Oddó David, Pulgar Dahiana, Elgueta Nicole, Acevedo Francisco, Razmiliz Dravna, Navarro María Elena, Camus Mauricio, Merino Tomás, Retamal Ignacio, Pérez-Sepúlveda Alejandra, Villarroel Alejandra, Galindo Héctor, Peña José, Sánchez César
Department of Pathology, School of Medicine, Pontificia Universidad Católica de Chile, Chile. Email:
Asian Pac J Cancer Prev. 2018 Jan 27;19(1):179-183. doi: 10.22034/APJCP.2018.19.1.179.
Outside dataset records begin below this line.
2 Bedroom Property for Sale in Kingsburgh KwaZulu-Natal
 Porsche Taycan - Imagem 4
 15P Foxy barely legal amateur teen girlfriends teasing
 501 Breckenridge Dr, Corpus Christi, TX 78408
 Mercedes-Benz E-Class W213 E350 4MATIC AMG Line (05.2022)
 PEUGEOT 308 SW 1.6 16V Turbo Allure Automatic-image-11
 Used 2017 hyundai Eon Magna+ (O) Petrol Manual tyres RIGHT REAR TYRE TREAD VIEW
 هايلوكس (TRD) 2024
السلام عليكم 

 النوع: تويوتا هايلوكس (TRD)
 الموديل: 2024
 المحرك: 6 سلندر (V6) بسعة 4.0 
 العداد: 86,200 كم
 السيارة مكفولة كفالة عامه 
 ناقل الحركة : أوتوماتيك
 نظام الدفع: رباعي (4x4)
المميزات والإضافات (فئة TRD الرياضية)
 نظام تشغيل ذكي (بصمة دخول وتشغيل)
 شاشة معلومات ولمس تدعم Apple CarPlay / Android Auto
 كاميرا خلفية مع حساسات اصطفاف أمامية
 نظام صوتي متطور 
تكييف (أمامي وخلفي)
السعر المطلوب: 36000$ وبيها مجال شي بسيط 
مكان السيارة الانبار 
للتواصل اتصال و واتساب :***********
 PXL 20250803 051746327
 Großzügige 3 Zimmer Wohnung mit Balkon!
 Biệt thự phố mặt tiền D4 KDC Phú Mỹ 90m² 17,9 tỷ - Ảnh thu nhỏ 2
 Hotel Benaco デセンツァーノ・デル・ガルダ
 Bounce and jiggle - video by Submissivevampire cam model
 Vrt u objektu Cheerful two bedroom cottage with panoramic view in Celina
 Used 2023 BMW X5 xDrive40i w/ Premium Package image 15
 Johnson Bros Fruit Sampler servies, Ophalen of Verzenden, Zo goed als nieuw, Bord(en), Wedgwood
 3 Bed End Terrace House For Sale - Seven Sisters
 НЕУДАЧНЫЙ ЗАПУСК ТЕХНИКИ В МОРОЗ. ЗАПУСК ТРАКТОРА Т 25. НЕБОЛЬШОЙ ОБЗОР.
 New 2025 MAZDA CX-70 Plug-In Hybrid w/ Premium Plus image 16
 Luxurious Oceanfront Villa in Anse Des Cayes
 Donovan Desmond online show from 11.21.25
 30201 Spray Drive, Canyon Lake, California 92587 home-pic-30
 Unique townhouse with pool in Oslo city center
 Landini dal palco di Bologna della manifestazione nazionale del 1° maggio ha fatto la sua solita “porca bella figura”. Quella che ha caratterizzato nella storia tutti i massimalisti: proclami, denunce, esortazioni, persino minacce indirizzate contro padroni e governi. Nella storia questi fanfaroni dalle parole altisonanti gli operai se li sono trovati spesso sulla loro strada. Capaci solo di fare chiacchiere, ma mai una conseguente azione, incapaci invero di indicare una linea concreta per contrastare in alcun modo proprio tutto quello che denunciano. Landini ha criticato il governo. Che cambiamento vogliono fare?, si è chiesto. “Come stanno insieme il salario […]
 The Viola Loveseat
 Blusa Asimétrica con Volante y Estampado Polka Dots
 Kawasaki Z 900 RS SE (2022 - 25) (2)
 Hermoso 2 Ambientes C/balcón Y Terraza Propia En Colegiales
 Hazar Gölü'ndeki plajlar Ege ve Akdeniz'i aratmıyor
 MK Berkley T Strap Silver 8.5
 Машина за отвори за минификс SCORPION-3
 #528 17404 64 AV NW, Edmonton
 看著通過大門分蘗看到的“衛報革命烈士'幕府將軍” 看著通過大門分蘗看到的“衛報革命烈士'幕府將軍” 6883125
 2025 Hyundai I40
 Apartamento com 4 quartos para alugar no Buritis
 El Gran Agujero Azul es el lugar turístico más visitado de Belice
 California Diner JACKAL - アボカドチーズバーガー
Introduction: Breast cancer can be classified into subtypes based on immunohistochemical markers, with Ki67 expression levels being used to divide luminal BC tumors in luminal A and B subtypes; however, Ki67 is not routinely determined due to a lack of standardization. Objective: To evaluate histological grade and Eliminate: the mitotic index to determine if they can be used as an alternative method to Ki67 staining for luminal subtype definition. Methods: We evaluated estrogen receptor positive breast cancer tissue samples. Pathological analysis included determination of Ki67. A low level of Ki67 was defined as <14% positive cells. Results: We evaluated 151 breast cancer samples; 24 (15,9%) were classified as I; 74 as HG II (49%), and 53 (35,1%) as HG III. The median value for Ki67 was 13% (range: <1% - 82%) and for MI was 2 (0-12). Histological grade I tumors exhibited Ki67 values significantly lower than HG II and III tumors (Anova, Tamhane test p=0,001). A higher Ki67 value was related to a higher MI (Rho Sperman p=0,336; R2= 0,0273). ROC curve analysis determined that a MI ≥ 3 had a sensibility of 61.9% and specificity of 66.7% in predicting a high Ki67 value (≥14%) (area under the curve: 0,691; p =0,0001). A HG I tumor or HG II-III with MI ≤2, had a high probability of corresponding to a LA tumor (76,3%), as defined using Ki67 expression, while the probability of a LB subtype was higher with HG II-III and a MI ≥3 (57.4%). Global discrimination was 68.1%. Conclusions: For the LA subtype, our predictive model showed a good correlation of HG and MI with the classification based on Ki67<14%. In the LB subtype, the model showed a weak correlation; therefore Ki67 determination seems to be needed for this group of patients.
乳腺癌可根据免疫组化标志物分为不同亚型,Ki67表达水平用于将管腔型乳腺癌肿瘤分为管腔A型和B型;然而,由于缺乏标准化,Ki67并非常规检测项目。目的:评估组织学分级和有丝分裂指数,以确定它们是否可作为替代Ki67染色用于管腔亚型定义的方法。方法:我们评估了雌激素受体阳性的乳腺癌组织样本。病理分析包括Ki67的测定。Ki67低水平定义为阳性细胞<14%。结果:我们评估了151例乳腺癌样本;24例(15.9%)为I级;74例为II级高级别(49%),53例(35.1%)为III级高级别。Ki67的中位数为13%(范围:<1%-82%),有丝分裂指数的中位数为2(0-12)。组织学I级肿瘤的Ki67值显著低于II级和III级高级别肿瘤(方差分析,Tamhan检验p=0.001)。Ki67值越高与有丝分裂指数越高相关(Spearman秩相关系数p=0.336;R2=0.0273)。ROC曲线分析确定,有丝分裂指数≥3在预测高Ki67值(≥14%)时,敏感性为61.9%,特异性为66.7%(曲线下面积:0.691;p=0.0001)。I级高级别肿瘤或有丝分裂指数≤2的II-III级高级别肿瘤,很有可能对应于根据Ki67表达定义的管腔A型肿瘤(76.3%),而II-III级高级别且有丝分裂指数≥3的肿瘤为管腔B型亚型的可能性更高(57.4%)。总体判别率为68.1%。结论:对于管腔A型亚型,我们的预测模型显示组织学分级和有丝分裂指数与基于Ki67<14%的分类有良好相关性。在管腔B型亚型中,该模型显示相关性较弱;因此,对于这组患者似乎仍需要测定Ki67。